I think Animal Collective are the making some of the most interesting, challenging and brilliant music around at the moment

I think Animal Collective are the making some of the most interesting, challenging and brilliant music around at the moment

 

 

A few months ago I urged you to listen to Animal Collective. Reviewing their first two albums (available together for the price of a single CD) I tried to convey just how special this band is. Their new album means that it is past time for urging. It is undoubtedly their best to date and if you are ignorant of their charms buy it now. If there is a better pop album this year – and I use the word pop in its loosest sense of the world – then I’d love to hear it.
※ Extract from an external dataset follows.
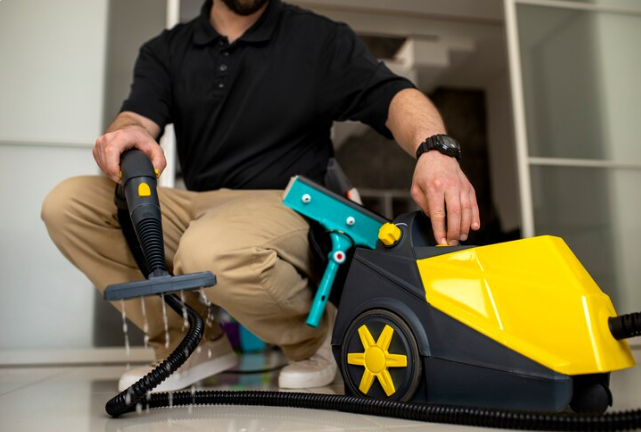 Les compétences clés d’un professionnel du lavage à haute et basse pression, Centre-du-Québec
I really would, because Feels sounds like a band that has managed to merge their completely individual sound world with a set of structured songs. That they’ve managed to do so without losing any spontaneity is (perhaps paradoxically) testimony to their growing maturity.

 

Did You See the Words starts with children’s voices (I know this is a bit passe  now but we’ll ignore this) before guitars flicker into life and piano and rat-a-tat percussion join in. The sound is focussed but not restrained, as it seemed to be on Sung Tongs, their previous album. Once the drums kick in then the song really begins to motor. There are choruses, hooks and harmonies but this is still an Animal Collective song. It is still their sound even if this is as close as they’ll get to a ‘normal’ song. High-pitched wailing vocals, pounding drums and trickling piano all come to centre stage at one point. And if that wasn’t enough, the second track, Grass, is actually a three-minute song with a very definite verse – chorus –  verse structure. It is utterly brilliant. Burundi style drumming sits alongside shimmering guitars. And the chorus – the first third is incredibly catchy, like a speeded up sea shanty, whilst the last two thirds is a complete shout fest – a series of screams that keep in time with the melody. Whooping harmonies try to match the screams but they can’t. Grass rollicks along at a real clip and is a brilliant pop song, albeit one from a parallel universe.

 

After the frenetic opening things calm down a bit for Flesh Canoe – it’s a song that lurches and rolls along like a ship on a choppy sea. The Purple Bottle ups the ante again. Once again the drumming seems to be African influenced and again the guitars shimmer. The vocals are run through at a fearful rate except for those moments when they give way to sweet high-pitched harmonies. Eventually the song breaks down and keeps threatening to return but it never quite manages to do so, despite all of the encouraging whoops and hollers.

 

After this the pace ebbs away. Banshee Beat shows off the restrained side of Animal Collective best. It opens slowly and simply with a guitar and a wispy voice. It builds and builds until, a few minutes in, we actually get a chord change. It is brilliantly done – atmospheric and disquieting without really doing very much at all. There are vocal squiggles in the background, and at some point it sounds like someone is impersonating a trombone, but the essential core of the song doesn’t change throughout its eight minutes. And it could easily have gone on for longer.

 

Daffy Duck is another soundscape whilst Loch Raven has an Icelandic beginning (one of Mum plays on the album) – all glimmering and elegiac. The difference is that this song stays at the intro stage – it never builds like a sigur ros number – and instead has to be content with fending off the other song that keeps trying to interrupt it. The final track ups the pace again. The vocals are shouted over a naïve melody that is continually interrupted by shattering squalls of white noise. I think this is meant to be the chorus. Then, half way through, the noise fades away and amidst the remaining sonic clutter voices murmur and sing until the album finally winds down to silence.

 

I have only written one review for Incendiary that was not positive (and I regret that one). There is so much good music to point people towards that I don’t see the point of wasting everyone’s time by slagging an album off. (Which is a shame, because it is very easy to do and is a lot of fun). Maybe this makes it difficult to know quite how good any of the albums I review are. Well, I’ll make it simple when putting this album in context. I think Animal Collective are the making some of the most interesting, challenging and brilliant music around at the moment, and this is them at the absolute top of their game.

 

Words: Chris Dawson.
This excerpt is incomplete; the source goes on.